Everything else in the plan exists to move those numbers. If a session doesn't support one of them, it's cool-down or it's cut.
Goals for the block
- Be active every day — even if "active" means ten minutes of mobility.
- Improve my KB pentathlon numbers (long cycle C&P is the priority).
- Reduce my Hyrox time.
- Train consistently and injury-free.
- Use autoregulation to moderate effort. Some days the session on paper isn't the session your body wants.
The autoregulation piece is the one I keep re-learning. The crib sheet doesn't prescribe weights or RPE targets — it prescribes categories of work. On a good day that's a heavy C&P ladder; on a tired day the same slot becomes iron cardio with a lighter bell. Same category, different output.
The rotation
Five kinds of session, cycled based on feel rather than a fixed day-of-week split:
- Kettlebell strength & conditioning — clean & press ladders, cleans-into-squats (5-4-3-2-1).
- Kettlebell conditioning — EMOMs and iron cardio at lower intensity.

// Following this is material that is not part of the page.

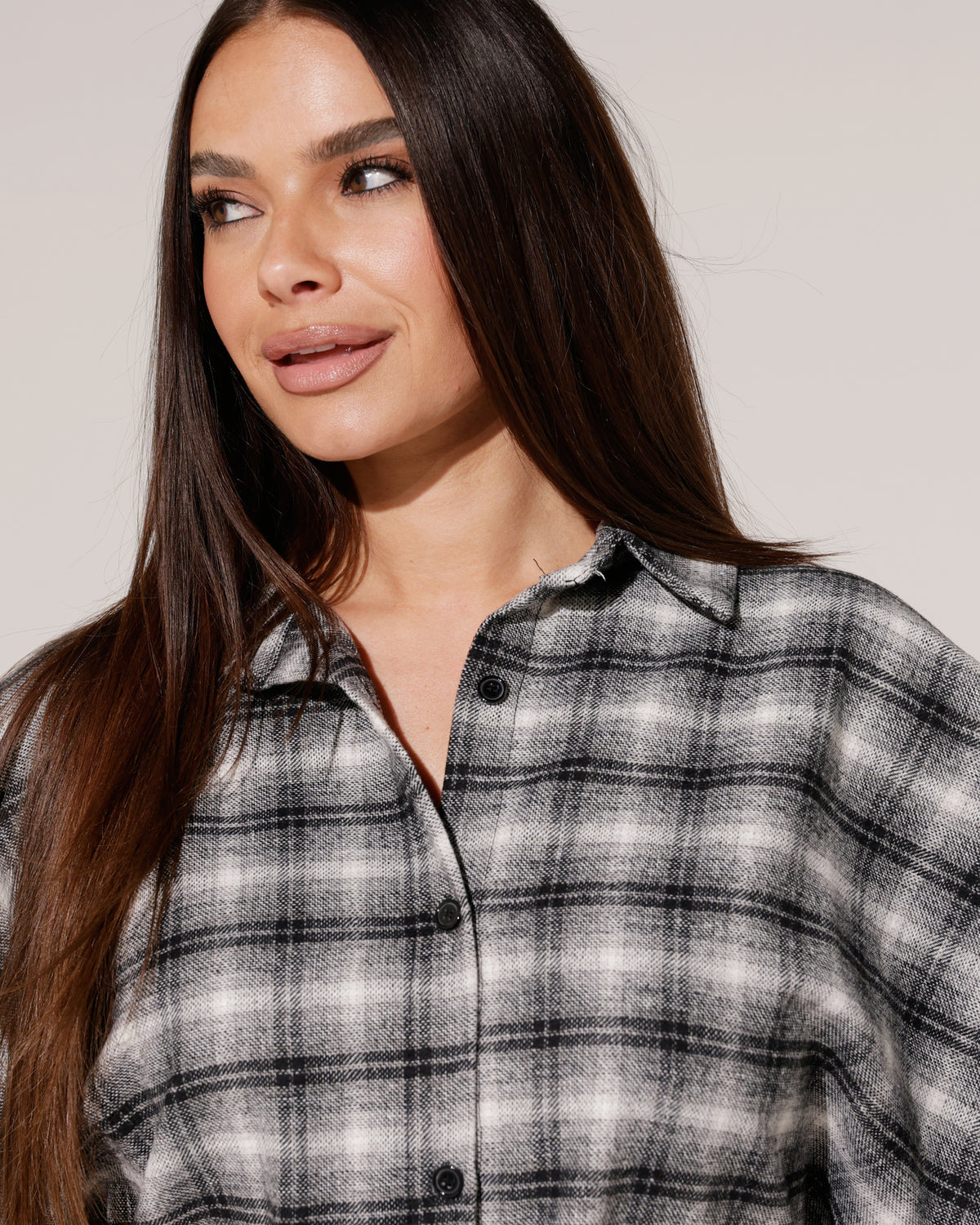 Geruite ballon blouse Nena Zwart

- Low-intensity cardio — a long run or bike in zone 2. Rounds out everything else.
- Gym strength — the stuff kettlebells can't do well: hack squats, lat pulldowns, dips, heavy lunges.
- Hyrox work capacity — one or two stations at a time, alternating EMOMs or timed repeats.
The split deliberately isn't "push/pull/legs". It's modality — the movement patterns rotate through the week without me having to think about it, and the low-intensity days pick up whatever the high-intensity days left behind.
The session template
Every session, regardless of rotation slot, runs the same five phases. I skip or extend any of them based on how I feel and how much time I have.
- Mobility — cat-camel, sun salutation A with a low-lunge rotation.
- Warm up — either a bodyweight circuit (20 reps × 3 of three exercises) or a Hyrox-flavoured cardio warm up (800 m run + 20 squats + 20 lunges + 20 wall balls).
- Movement prep — heavier-but-submaximal versions of the session's key patterns. Roll-outs, halos, cossack squats, a goblet squat / curl / press / skull-crusher complex.
- Main session.
- Cool down — usually a walk or easy cardio.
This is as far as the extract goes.